Puisi-puisinya mengekspresikan suatau gagasan bahwa yang lain mengandung
nuansa yang cukup kaya bahkan melimpah. Jika dalam wacana politik identitas,
asosiasi diksi yang lain
cenderung dipersempit dan
dibatasi, dalam puisi-puisi Fendi asosiasi diksi yang lain justru
diperluas sebagai bentangan yang tak berbatas. Demikianlah maka puisi-puisi
Fendi Kachonk adalah usaha menggali berbagai segi, nuansa, dan asosiasi frase yang
lain, sekaligus menampik kecenderungan penyempitan maknanya. Dengan
50 puisi banyaknya, usaha itu tentu cukup intens.

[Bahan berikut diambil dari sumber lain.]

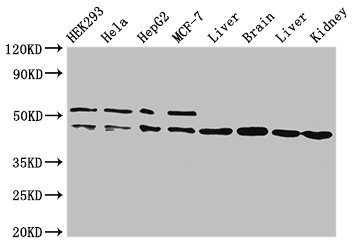 IDH1 / IDH Antibody - Western Blot Positive WB detected in:HEK293 whole cell lysate,Hela whole cell lysate,HepG2 whole cell lysate,MCF-7 whole cell lysate,Rat liver tissue,Mouse brain tissue,Mouse liver tissue,Mouse kidney tissue All Lanes:IDH1 antibody at 2µg/ml Secondary Goat polyclonal to rabbit IgG at 1/50000 dilution Predicted band size: 47 KDa Observed band size: 47,52 KDa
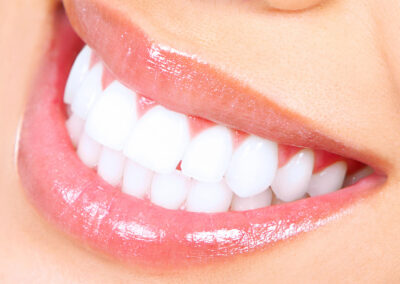 Teeth-Whitening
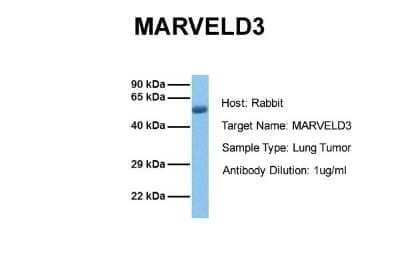 Western Blot: MARVELD3 Antibody [NBP1-59494]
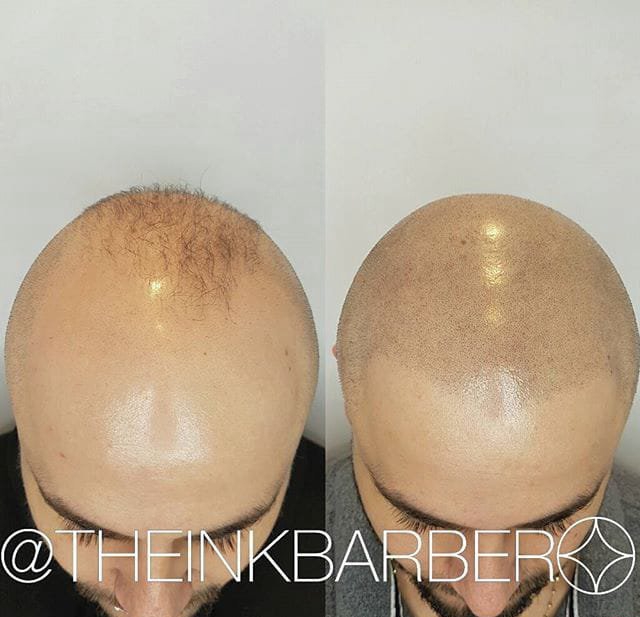 点击大图看下一张：男性头发稀疏smp头皮纹身黑色点刺技巧纹身图案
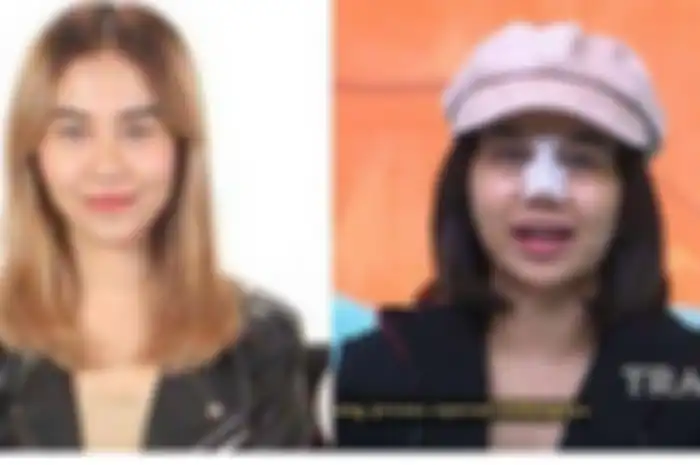 Mayang operasi hidung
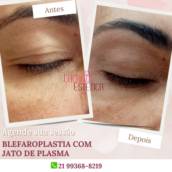 Blefaroplastia: Rejuvenesça Seu Olhar no Rio de Janeiro/RJ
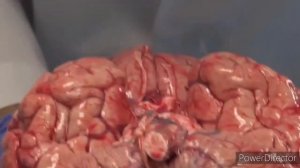 КАК ВЫГЛЯДИТ #МОЗГ ЧЕЛОВЕКА НА САМОМ ДЕЛЕ✅ АУТОПСИЯ✅ СТРОЕНИЕ МОЗГА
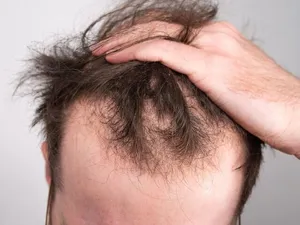 کمبود ویتامین‌ها چگونه باعث ریزش مو می‌شود؟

Puisi-puisi Fendi memperlihatkan
bahwa ada kalanya yang lain memang tak diinginkan, namun ada kalanya
pula yang lain justru diinginkan. Ada kalanya yang lain hanyalah
sesuatu yang berbeda dari apa yang ada atau pernah dialami —tanpa konotasi
merendahkan satu atas yang lain. Ada kalanya pula yang lain adalah
perasaan teralienasi atau terasing dari keadaan atau suasana tertentu.
Nuansa-nuansa itu kadang terasa jelas, namun kadang terasa samar-samar sebagai
denyaran-denyaran perasaan yang sugestif. Kadang terasa sendu bahkan pedih,
namun kadang terasa riang misalnya oleh keadaan yang menjanjikan harapan.
Jadinya,
puisi Fendi seakan bermain-main dengan diksi yang lain, kadang dengan
lincah, kadang dengan gugup. Bermain-main dengan diksi yang lain tentu
saja merupakan strategi untuk menggali berbagai segi, nuansa, dan konotasi yang
lain itu sendiri. Demikianlah maka
dalam bermain-main dengan diksi yang lain, puisi “Pagi yang Lain”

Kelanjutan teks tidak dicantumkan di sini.